**Work instructions:** Repeat the stretch of entries below from the line with "two hot air" through the line with "Bañera de hidromasaje". Include both ends and add nothing.

**Data for analysis:**
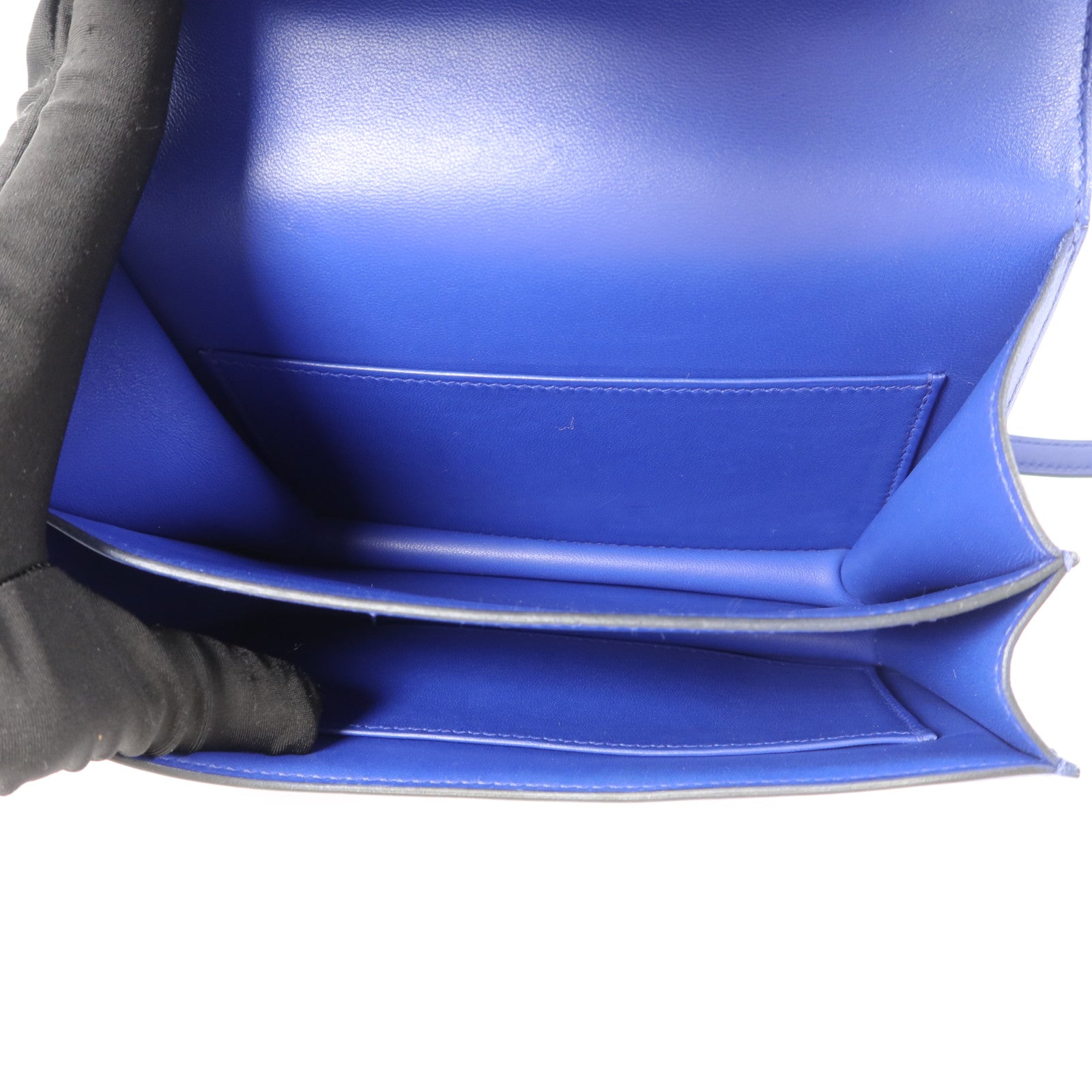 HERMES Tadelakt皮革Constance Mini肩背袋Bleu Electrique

* * *

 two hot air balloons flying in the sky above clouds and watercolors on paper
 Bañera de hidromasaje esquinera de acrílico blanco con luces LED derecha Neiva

**Expected answer:**
 two hot air balloons flying in the sky above clouds and watercolors on paper
 Bañera de hidromasaje esquinera de acrílico blanco con luces LED derecha Neiva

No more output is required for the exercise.